There were two major upfront one-time costs including more than $2.5 million for the pods funded by the state, plus $1.5 million dollars of city money for site development.
The rest of the funds pay for the first six months of operation. So far, the total cost of the site has exceeded $8 million.
The site is just one of six large sanctioned campsites the city plans to create.
It appears the annual ongoing operating cost for the sanctioned campsite will be more than $7.5 million but that includes 24/7 staffing; homeless services; meals; hygiene; client services; maintenance and pest control.
Depending on how quickly people transition in and out of this temporary site, KOIN 6 News estimates it will cost about $20,000- $30,000 per person per year.
The mayor says with the status quo, the city has been spending $300 million per year on homeless as is — including sweeps, clean-ups, litter collection, graffiti removal, public safety issues and fire response.
“The temporary alternative shelter sites are good value.

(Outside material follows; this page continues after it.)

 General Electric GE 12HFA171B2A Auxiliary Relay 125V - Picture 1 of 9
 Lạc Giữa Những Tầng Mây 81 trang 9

If you simply take the cost per pod and allocate that to one person, it seems like a lot. It’s about $30,000 per year per pod,” Mayor Wheeler said. “And the goal is not to keep them there long-term. The goal is to have them stay there as short a period of time as possible and then navigated by the county into housing.”
Wheeler added, “I see this as a very cost-effective way, particularly if we can get two or three people per year through one of those pods.”
The mayor went on to say that each client will have a case manager and be assisted with behavioral health and addiction.
The site, which opened last week, can hold up to 200 guests. So far, 40 people are already moved in and they’re onboarding at least five new people a day.
The city plans for it to be fully operational in the coming weeks and will be funded by the state for two years.